The primary reason for this is that Norway’s two largest banks, DNB and Nordea, have stopped accepting and offering cash transactions. DNB, Norway’s largest banks, has publicly stated its desire for the nation to go cash-free. The fundamentals are already in place for this to occur: Vipps, DNB’s mobile payment app, is already being used by over 40% of the Norwegian population. The most striking example of the use of Vipps is that if you walk down the streets of Oslo, Norway’s capital, instead of seeing homeless people holding a cup and asking for change, all you see is a sign next to them with their “Vipps” details. People donate by sending them money electronically since most now have no cash to give.

Norway’s politicians are pledging that Norway goes completely cash-free, and if it does, it may be the first country to do so (although their neighbours Sweden are not far behind). But what is the point of going cash-free? The core economic reason is that in a cash-free society, tax evasion and money laundering becomes exponentially more difficult. Although the informal economy isn’t notoriously large in Norway, tax evasion is comparatively more a problem, so this will be much easier to regulate if every transaction can be observed by banks. The second and more general reason is that not using cash just makes life easier. Instead of trying to use all the small pennies you have in your wallet to pay for a good, you always pay exactly what the good costs, and nothing more. Additionally, if all your payments are made with electronically, then you have a much better understanding of how much money you have at a given time, since everything is centralised in one place.

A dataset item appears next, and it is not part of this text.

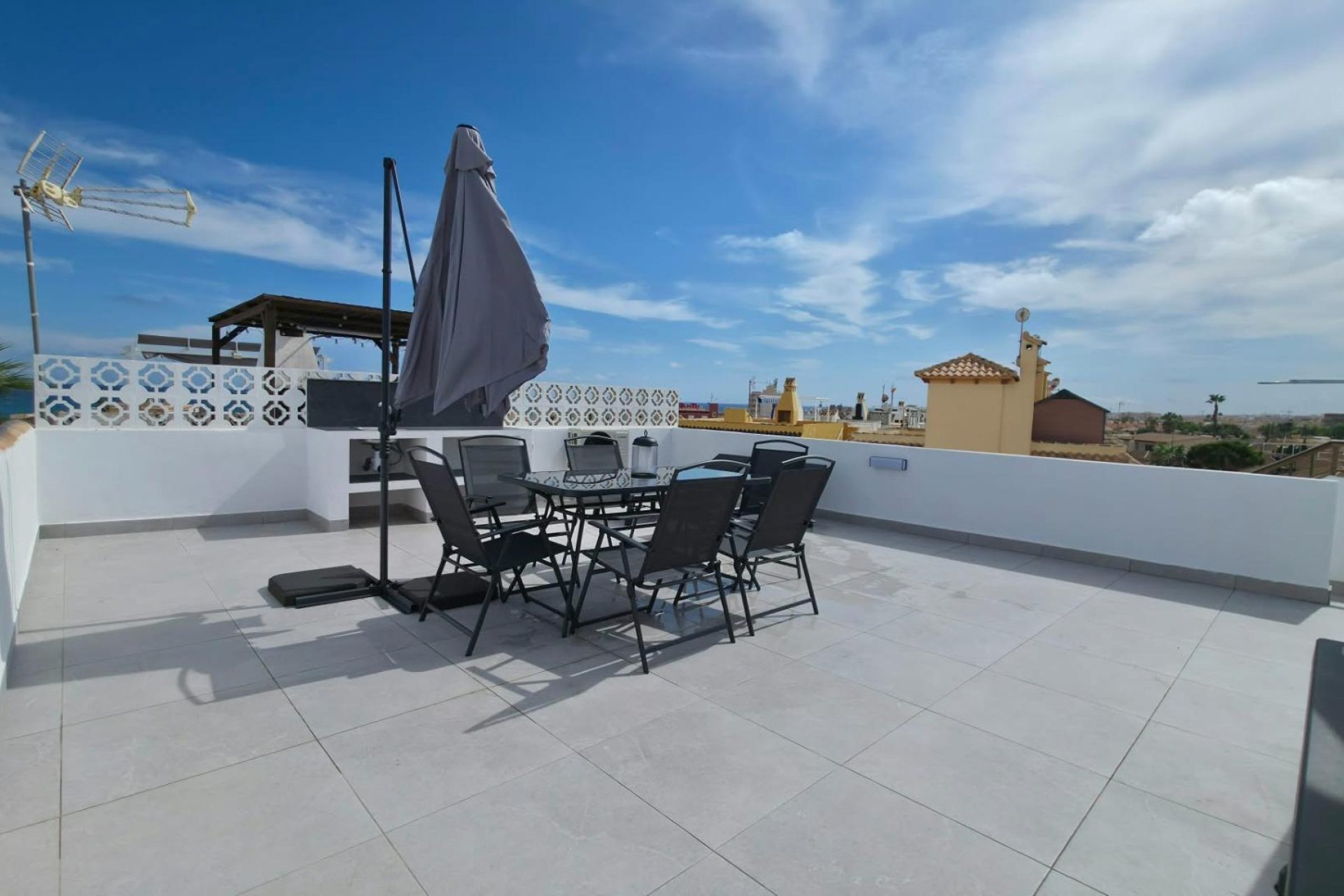 Resale - Bungalow -
Torrevieja - Zona Los Frutales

A cash-free society would be historic, and other nations would almost certainly look to follow suit. In fact, the United States, although still heavily reliant on cash, is inching slowly but surely towards going cash-free. The benefits in America’s economy would be huge. Tax evasion and the informal economy would be much easier to keep taps on, and society itself would simply function more smoothly. Although the day cash is used for the last time In America is many years away, it is coming. And it may well be coming faster than you think.

* = Fiat money is inconvertible paper money made legal tender by a government decree.